Ensuring Quality And Quantity In Weaving

Anyone who wants to produce top quality woven goods in high volume, and wants to stay competitive in the bidding for orders, must first and foremost have their planning and organization under control. An additional criterion is thorough familiarity with the entire production process, from fibre to fabric, to ensure that fabric production is profitable.
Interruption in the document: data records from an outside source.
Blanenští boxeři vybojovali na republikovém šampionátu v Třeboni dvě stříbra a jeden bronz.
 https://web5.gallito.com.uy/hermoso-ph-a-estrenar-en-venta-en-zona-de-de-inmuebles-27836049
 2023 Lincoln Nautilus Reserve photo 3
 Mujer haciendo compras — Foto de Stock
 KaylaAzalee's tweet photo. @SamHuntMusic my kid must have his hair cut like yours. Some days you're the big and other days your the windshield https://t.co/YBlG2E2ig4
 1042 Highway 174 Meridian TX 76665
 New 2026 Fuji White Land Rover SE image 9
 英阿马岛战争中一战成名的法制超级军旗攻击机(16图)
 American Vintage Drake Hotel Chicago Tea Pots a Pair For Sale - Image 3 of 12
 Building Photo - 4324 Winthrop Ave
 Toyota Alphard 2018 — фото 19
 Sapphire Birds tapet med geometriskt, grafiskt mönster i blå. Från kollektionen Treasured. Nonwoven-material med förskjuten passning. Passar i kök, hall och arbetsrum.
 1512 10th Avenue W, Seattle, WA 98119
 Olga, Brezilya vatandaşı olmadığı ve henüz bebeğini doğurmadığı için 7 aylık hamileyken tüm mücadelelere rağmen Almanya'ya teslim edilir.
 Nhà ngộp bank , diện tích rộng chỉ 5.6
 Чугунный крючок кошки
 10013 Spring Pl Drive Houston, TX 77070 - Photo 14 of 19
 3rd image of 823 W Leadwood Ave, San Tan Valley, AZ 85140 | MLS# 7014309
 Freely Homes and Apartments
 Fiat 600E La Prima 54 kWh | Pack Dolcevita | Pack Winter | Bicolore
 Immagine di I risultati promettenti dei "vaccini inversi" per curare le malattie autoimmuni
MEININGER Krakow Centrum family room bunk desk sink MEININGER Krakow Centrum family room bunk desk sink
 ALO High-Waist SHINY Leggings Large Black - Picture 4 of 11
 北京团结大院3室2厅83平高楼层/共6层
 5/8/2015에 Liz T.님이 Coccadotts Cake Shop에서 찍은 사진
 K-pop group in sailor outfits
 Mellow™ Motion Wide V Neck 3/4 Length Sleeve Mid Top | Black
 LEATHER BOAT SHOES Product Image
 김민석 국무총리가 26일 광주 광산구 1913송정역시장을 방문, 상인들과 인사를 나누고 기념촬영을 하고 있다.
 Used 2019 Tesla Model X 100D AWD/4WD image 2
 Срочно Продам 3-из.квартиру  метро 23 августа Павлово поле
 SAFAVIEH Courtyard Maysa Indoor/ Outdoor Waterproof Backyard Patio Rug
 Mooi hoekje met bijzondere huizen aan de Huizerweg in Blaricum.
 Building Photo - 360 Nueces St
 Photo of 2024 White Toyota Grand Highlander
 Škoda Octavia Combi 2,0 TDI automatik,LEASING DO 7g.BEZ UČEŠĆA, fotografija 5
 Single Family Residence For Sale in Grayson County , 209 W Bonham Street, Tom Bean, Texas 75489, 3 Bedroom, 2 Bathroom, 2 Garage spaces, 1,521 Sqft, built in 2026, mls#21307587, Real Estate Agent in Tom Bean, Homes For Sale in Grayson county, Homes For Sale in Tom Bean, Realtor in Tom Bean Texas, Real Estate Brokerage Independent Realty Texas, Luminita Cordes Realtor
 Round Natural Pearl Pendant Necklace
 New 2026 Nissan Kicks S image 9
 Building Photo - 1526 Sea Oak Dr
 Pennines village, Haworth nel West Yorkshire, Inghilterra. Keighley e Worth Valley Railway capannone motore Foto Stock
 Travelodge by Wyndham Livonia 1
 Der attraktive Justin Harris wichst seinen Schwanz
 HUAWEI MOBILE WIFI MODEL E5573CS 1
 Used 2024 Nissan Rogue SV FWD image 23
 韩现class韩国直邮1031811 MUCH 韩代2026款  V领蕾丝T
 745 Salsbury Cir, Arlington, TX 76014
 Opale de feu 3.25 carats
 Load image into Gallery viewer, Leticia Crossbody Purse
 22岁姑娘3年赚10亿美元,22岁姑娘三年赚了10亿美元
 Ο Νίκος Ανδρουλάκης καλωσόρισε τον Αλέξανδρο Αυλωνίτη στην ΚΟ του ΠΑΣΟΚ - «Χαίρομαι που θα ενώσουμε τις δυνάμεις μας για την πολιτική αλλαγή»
A precondition of optimum production in the weaveroom is meticulous planning. It is at the planning stage that process parameters, sequences of operations and working conditions are defined, all of which are relevant to profitability. The basis for these is optimal installation of the weaving machines, with appropriate transport routes and equipment. Additionally, capacities must be planned and the necessary infrastructure and resources created, including buffer store, air conditioning, lighting, personnel, quality control etc. This article spotlights key points that it is essential to take into account in the planning and organization of a weaving facility.


Yarn Quality


High yarn quality ought to be a matter of course. But its importance has to be pointed out repeatedly, because 80% of weaving machine stoppages originates in upstream process stages. In non-verticalized mills, all yarns supplied should be inspected on receipt. Not only the uniformity of the yarn is important; damaged packages are a sign of poor transport quality, and on the weaving machine they not only impair productivity but also cause waste. If there are no yarn reserves in the weft packages the result will be a weft stoppage. Thread breaks in weaving are the largest cost factor in the entire production process, because they always involve a machine stoppage.


Proportion of the different departments in the total thread break costs
In the textile manufacturing process, thread break costs in weaving are far higher than in all other stages of production. Every stoppage prevented directly improves the company's profits.